On Sat, 15 Jun 2024 20:42:47 -0500, BGB wrote:

I fairly promptly fixed this bug once discovered, and am then just left
to wonder how exactly it managed to work in the first place (or didn't
break already).

Been there, done that.

When I set about to revive the then-moribund NCSA Telnet code for
Macintosh, back around 1990, it looked like it had been abandoned because nobody had the stomach to do the porting from MPW C v2 (created for Apple
by Green Hills) to v3 (developed by Apple itself, thoroughly ANSI-
compliant).

Besides all the compile-time errors, there were dozens, maybe hundreds, of places to be checked for the different, incompatible definition of the Pascal-equivalent “Str255” type, to ensure there were no lurking bugs.

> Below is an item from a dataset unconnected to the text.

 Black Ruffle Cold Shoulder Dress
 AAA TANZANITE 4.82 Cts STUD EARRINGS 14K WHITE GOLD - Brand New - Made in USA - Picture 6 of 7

I think I got them all.

Then I started up my build, got as far as opening a terminal session,
closed it again, quit ... and the app crashed.

I discovered that the shutdown loop to ensure all open sessions were
closed before quitting had an off-by-1 error in its termination condition:
it was accessing an element in the array of open sessions that didn’t
exist. Somehow this never manifested a problem with the old C compiler,
but it did with the new one.

By the way, that MPW C v3 compiler had some quite amusing error messages. Various people (including myself) independently posted lists of them (and
once I got accused of plagiarizing the list from someone else--as though someone had made them up). Quite a few people couldn’t believe such
messages were real.

--- SoupGate-Win32 v1.05
* Origin: fsxNet Usenet Gateway (21:1/5)

From David Brown@21:1/5 to Lawrence D'Oliveiro on Sun Jun 16 16:55:51 2024

On 16/06/2024 00:37, Lawrence D'Oliveiro wrote:

On Sat, 15 Jun 2024 17:58:22 +0200, David Brown wrote:

But it also seems reasonable to expect that if a file is big enough to
cause trouble for #embed, then any other method of including it in a C
file will be at least as bad and probably /much/ worse.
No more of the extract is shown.